Short descriptive text snippets:
================
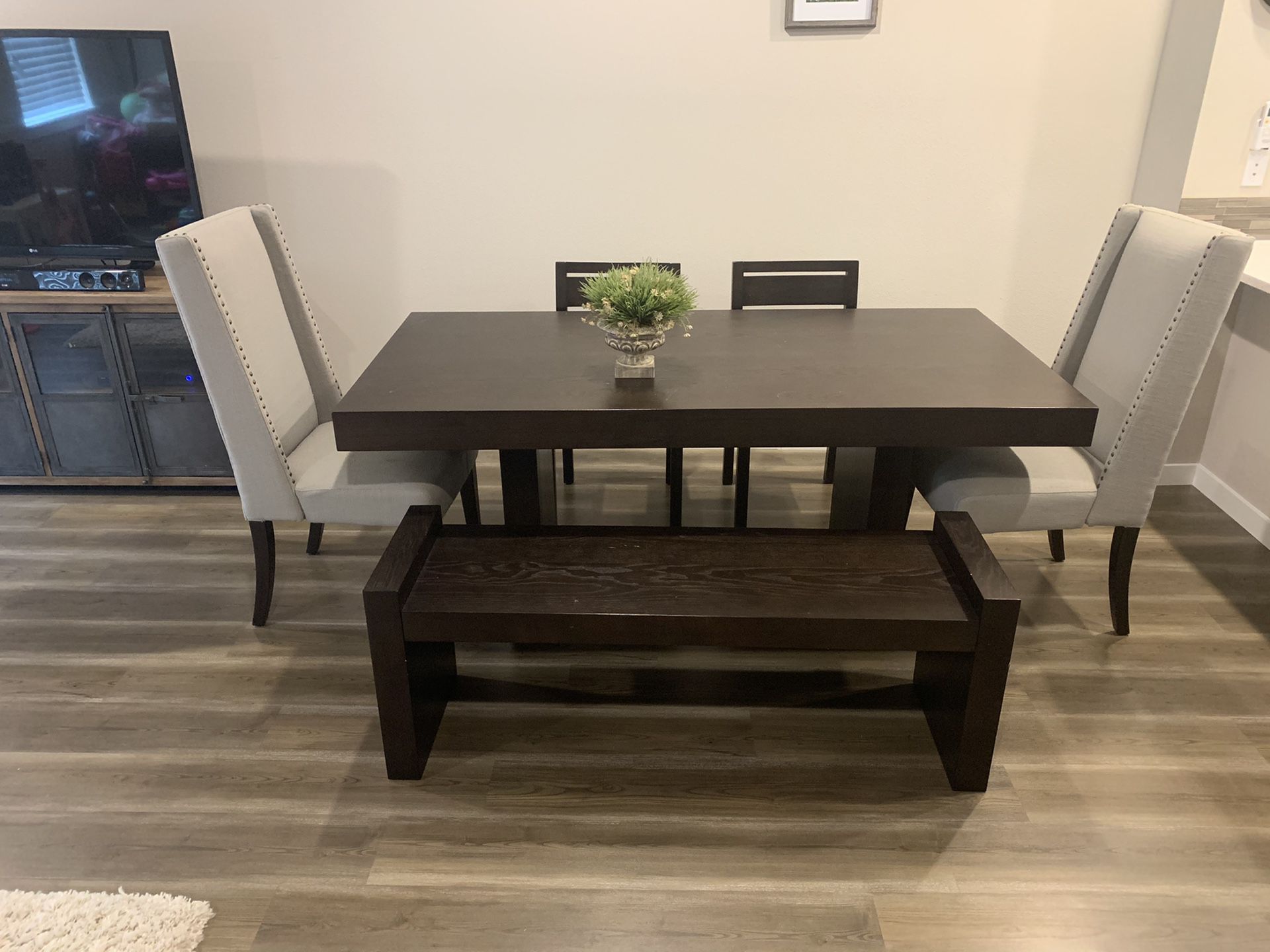 West Elm Dining Room Table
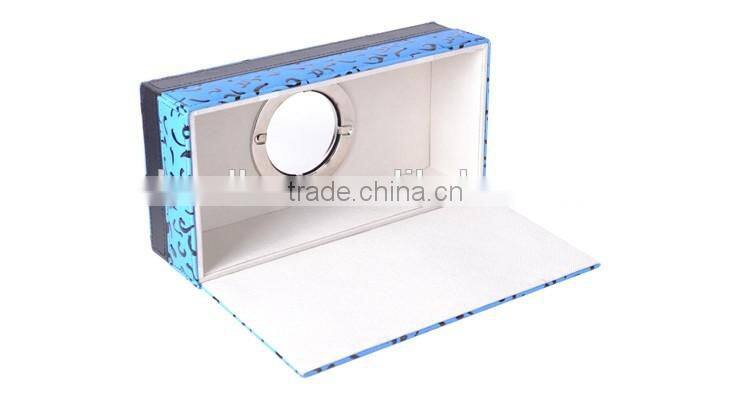 Fashion design rectangular tissue box for bedroom
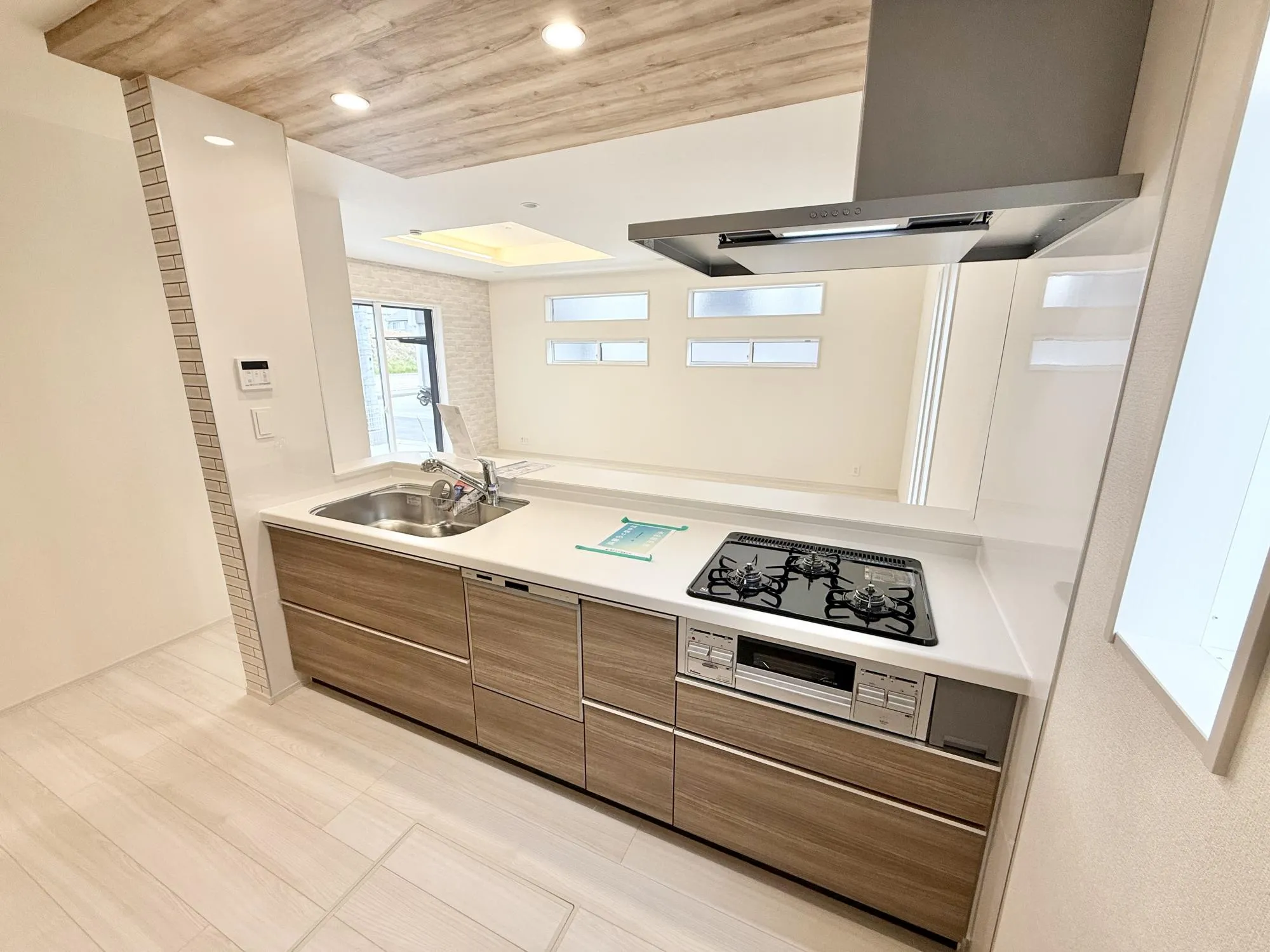 【キッチン | 1号棟】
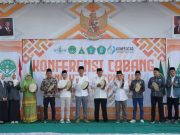 Khoirul Huda Pimpin IPNU Kebumen, Fatatun Malikhah Ketua IPPNU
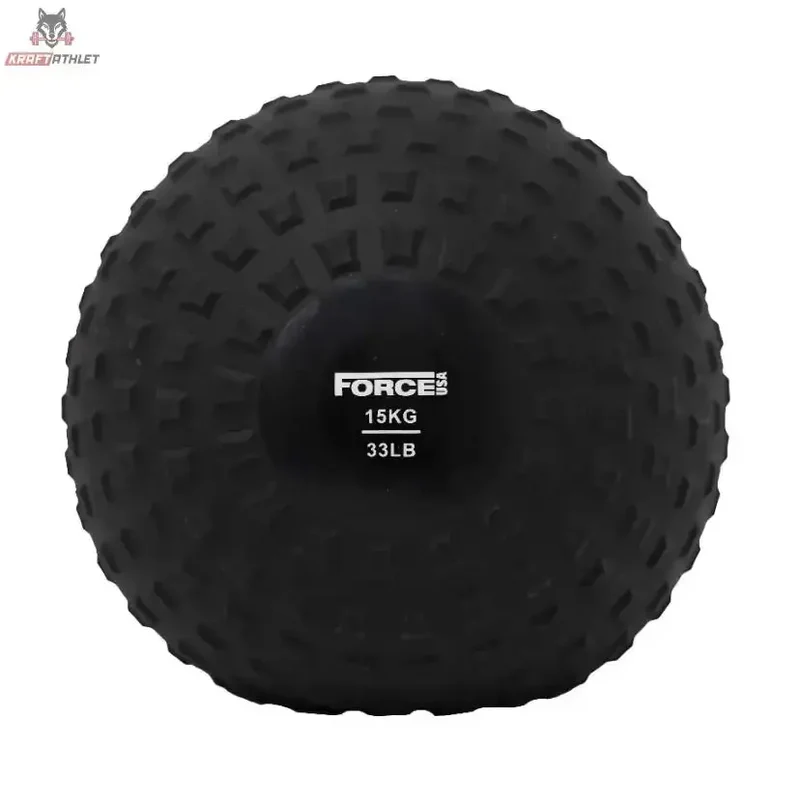 Elite Slam Ball 15 kg Force USA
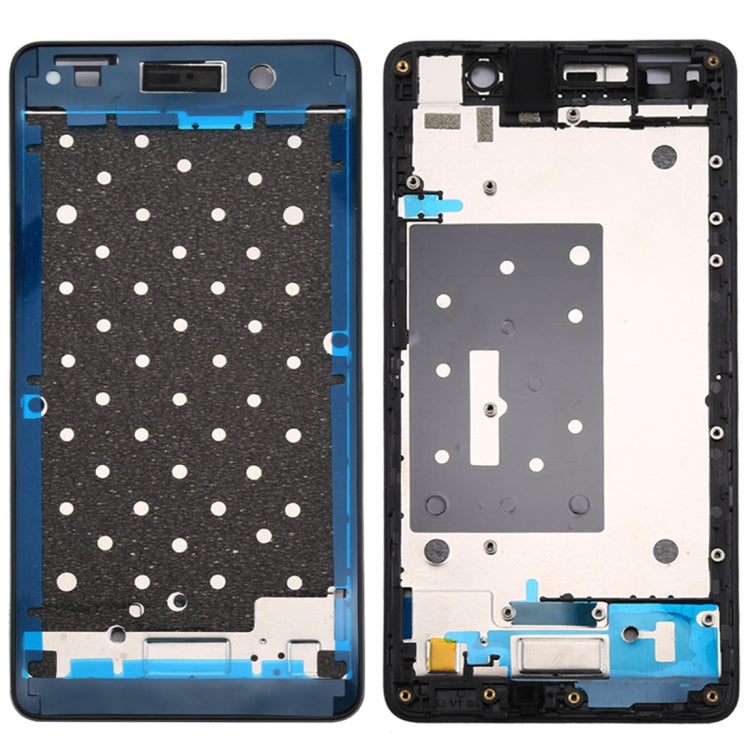 Huawei Honor 4c Replacement Front Housing LCD Frame Bezel Plate - Black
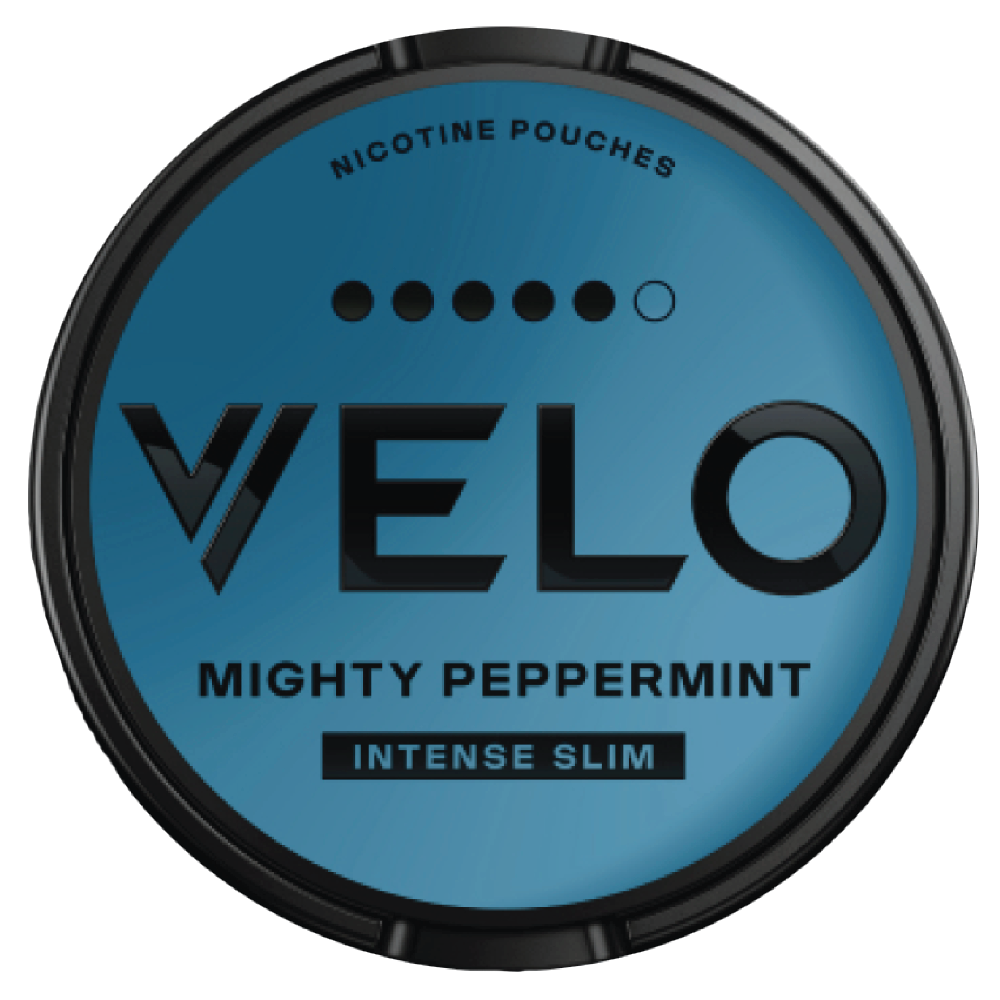 Velo Mighty Peppermint 5 Dots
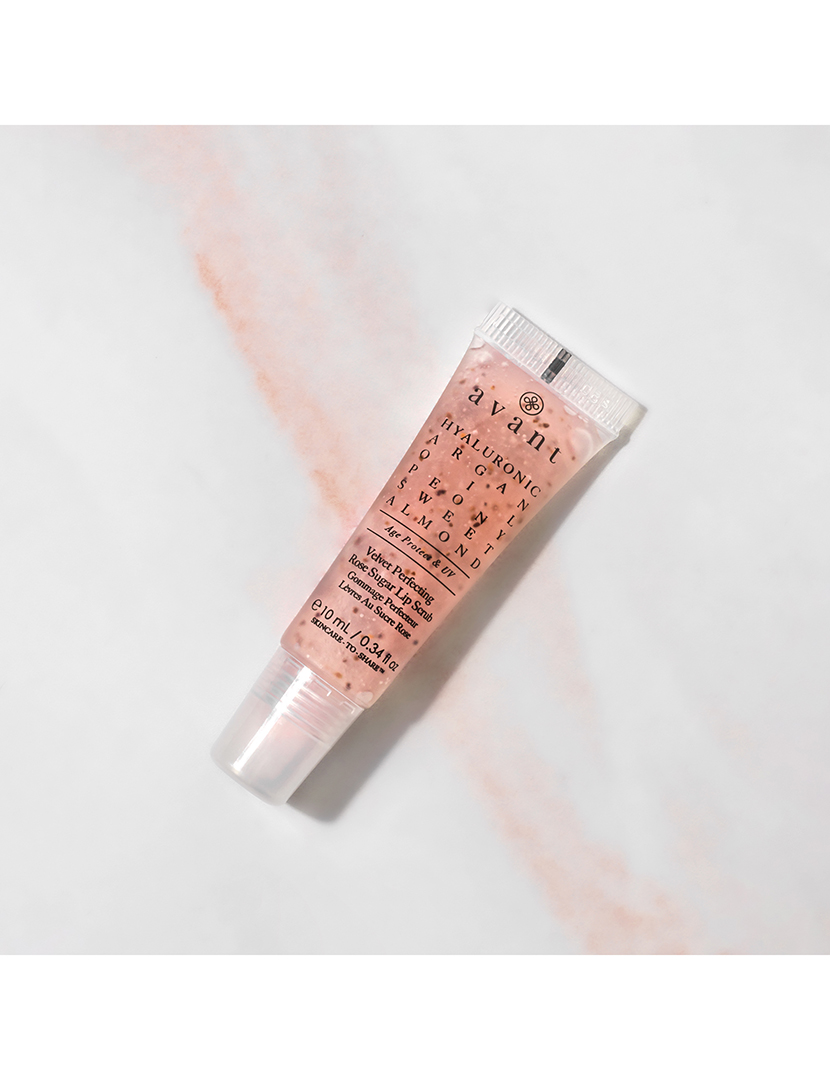 Discovery Edit - Esfoliante labial Velvet Perfecting Rose Sugar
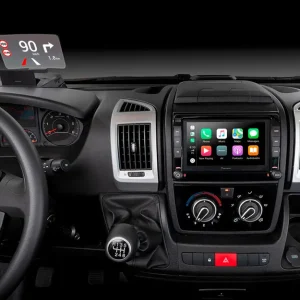 Bestseller Pioneer Headup-Display Erweiterung für Fiat Ducato/Peugeot/Citroen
================
A word-for-word copy of the lines from the one containing "Velo Mighty Peppermint 5 Dots" through the last line of the records is what is wanted, without pictures and without any other line.

 Velo Mighty Peppermint 5 Dots
 Discovery Edit - Esfoliante labial Velvet Perfecting Rose Sugar
 Bestseller Pioneer Headup-Display Erweiterung für Fiat Ducato/Peugeot/Citroen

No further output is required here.